Back on hab module he fights tears. This was never his job. Caretaker, three months. That was the deal. Pay the fee, do the duty. A new life awaits you in the colonies!

Interrogate the computers again. It has become a daily ritual. Nothing new. Starcharts he never had a chance of understanding. Read-outs on the caskets. The only time a red flashed up he rushed to the sealed deck to claw and scream hopelessly as she did the same. A death for a caretaker who never wanted this. They didn’t design it for no personnel. Where are they?

He spends his waking days obsessing over what could have happened to the overseers. His was only ever support role, a helping hand that gained a discount on flight cost.

He watched, like a Noah, over fully 50,000 caskets. Each one with a person interred, expecting to be awoken and ferried down to the colony world. Why live the journey? Chill out and thaw out on delivery, let physics take the stress.

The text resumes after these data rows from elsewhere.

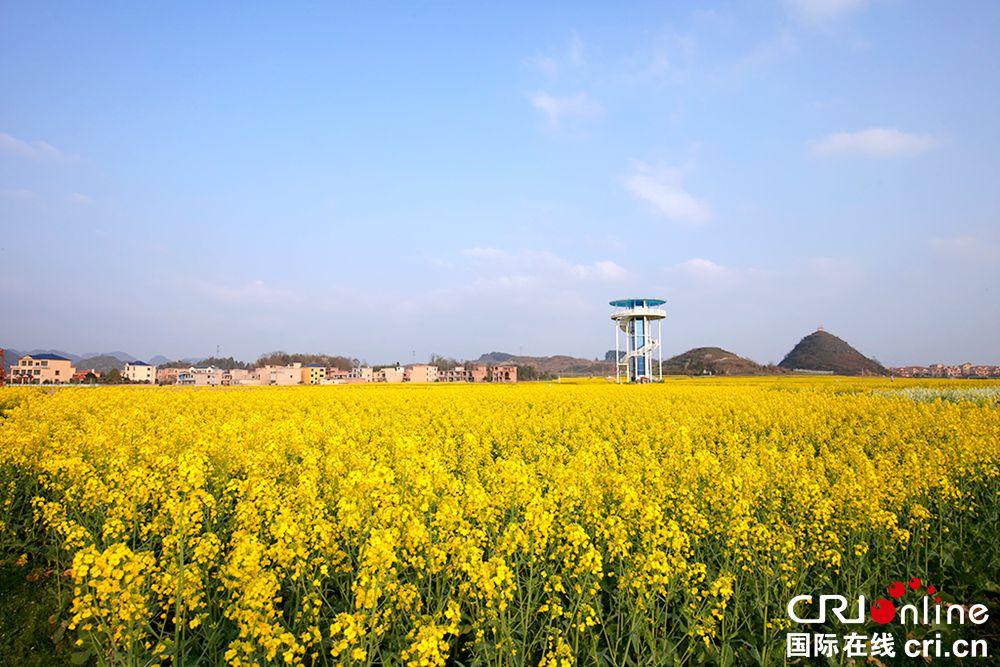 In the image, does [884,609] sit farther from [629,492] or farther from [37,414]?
[37,414]

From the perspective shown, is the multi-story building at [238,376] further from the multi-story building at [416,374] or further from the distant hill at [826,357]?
the distant hill at [826,357]

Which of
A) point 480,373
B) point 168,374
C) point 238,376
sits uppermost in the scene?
point 480,373

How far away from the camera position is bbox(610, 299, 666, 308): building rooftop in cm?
5934

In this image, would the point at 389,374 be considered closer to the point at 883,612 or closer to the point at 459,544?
the point at 883,612

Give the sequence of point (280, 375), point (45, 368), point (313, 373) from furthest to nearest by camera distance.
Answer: point (313, 373), point (45, 368), point (280, 375)

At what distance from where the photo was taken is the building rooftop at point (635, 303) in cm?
5934

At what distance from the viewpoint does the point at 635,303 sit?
5962 cm

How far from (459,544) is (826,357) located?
148m

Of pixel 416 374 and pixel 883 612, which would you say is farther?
pixel 416 374

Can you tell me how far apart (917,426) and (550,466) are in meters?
11.2

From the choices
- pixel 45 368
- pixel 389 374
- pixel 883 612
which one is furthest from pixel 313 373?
pixel 883 612

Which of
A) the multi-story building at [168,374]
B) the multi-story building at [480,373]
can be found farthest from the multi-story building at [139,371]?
the multi-story building at [480,373]

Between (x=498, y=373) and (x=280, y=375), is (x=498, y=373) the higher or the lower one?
the higher one

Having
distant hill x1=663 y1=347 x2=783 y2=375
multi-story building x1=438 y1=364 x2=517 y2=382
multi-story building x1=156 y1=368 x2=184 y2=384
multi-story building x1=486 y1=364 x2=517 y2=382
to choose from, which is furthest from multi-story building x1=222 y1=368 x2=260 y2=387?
distant hill x1=663 y1=347 x2=783 y2=375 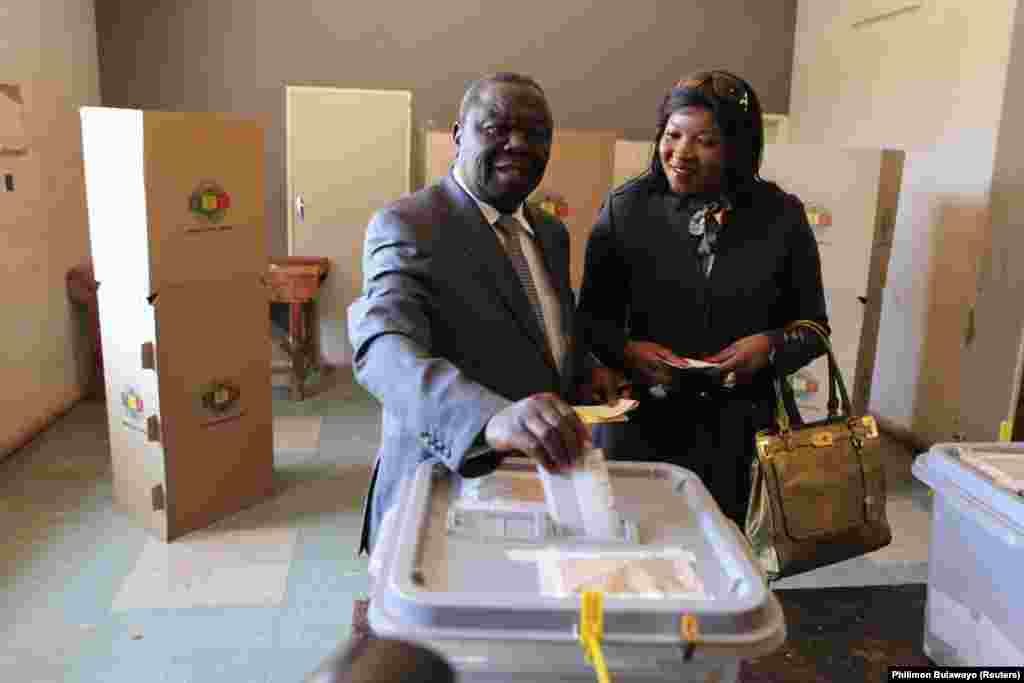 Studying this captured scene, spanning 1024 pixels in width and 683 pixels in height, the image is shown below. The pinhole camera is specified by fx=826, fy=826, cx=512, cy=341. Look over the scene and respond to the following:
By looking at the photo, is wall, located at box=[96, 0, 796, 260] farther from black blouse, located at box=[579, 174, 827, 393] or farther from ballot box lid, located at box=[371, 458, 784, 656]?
ballot box lid, located at box=[371, 458, 784, 656]

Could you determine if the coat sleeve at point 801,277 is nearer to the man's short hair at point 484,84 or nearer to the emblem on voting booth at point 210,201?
the man's short hair at point 484,84

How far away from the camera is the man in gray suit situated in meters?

Nobody asked for more than three months. Nobody asked for anything other than support staff roles.

Nobody asked a man to watch a colony ark on his own.

Self-pity can only last so long. After the fourth dejected trip to the jungle of a hydroponics section he floats further. Deeper. To a section that has no designation, hidden behind hydro and an engineering module.

Freefall is what he has now. The comedies have grown stale, repeat after repeat. The simple pleasure of a well prepared meal is just that. Simple.

So in the weightless gloom he spins and plays, gaining the grace and elite-unite movements a Marine would envy. A quick twist-flick of the heel bounces him from secondary hull to gantry, a brief twist grip of the rail sends him to the hydro hab and another piston push from the legs sent him sailing towards the dark hab module. The whispered cargo, glorious enough to launch but shhh!